When I use alphanumeric in general using "^[a-zA-Z0-9\s]+$"
,
it doesn't pass for "中文ABC123"
and regex validation fails.
What other expressions do I need to add for C#?
Upvotes: 19
Views: 20345
Reputation: 7263
Thanks to @Andie2302 for pointing to the right way to do it.
In Addition, for many language in the world, it's still has the 'addition character' that require main character to generate it (ex. Thai word 'เก็บ' if use only \p{L} it will display only 'เกบ', you can see that some symbolic will be missing from the word).
That's why only \p{L}
will not work for all foreign language.
So, you need to use code below, to support almost foreign language
\p{L}\p{M}
NOTE:
L stand for 'Letter' (All letter from all language, but does not include the 'Mark')

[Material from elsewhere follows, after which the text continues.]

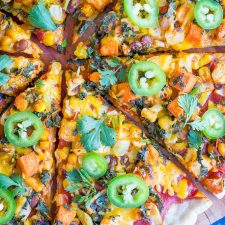 Southwest Veggie Taco Pizza-image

M stand for 'Mark' (The 'Mark' cannot display alone, it require 'Letter' to display it)
In Addition that you need Number, use code below
\p{N}
NOTE:
N stand for 'Numeric'
Thanks to this website for very useful information
https://www.regular-expressions.info/unicode.html
Upvotes: 3
Reputation: 4887
To match any letter character from any language use:
\p{L}
If you also want to match numbers:
[\p{L}\p{Nd}]+
\p{L}
... matches a character of the unicode category letter.
it is the short form for [\p{Ll}\p{Lu}\p{Lt}\p{Lm}\p{Lo}]
\p{Ll}
... matches lowercase letters. (abc)
\p{Lu}
... matches uppercase letters. (ABC)
\p{Lt}
... matches titlecase letters.
\p{Lm}
... matches modifier letters.
\p{Lo}
... matches letters without case. (中文)
\p{Nd}
... matches a character of the unicode category decimal digit.
Just replace: ^[a-zA-Z0-9\s]+$
with ^[\p{L}0-9\s]+$
Upvotes: 44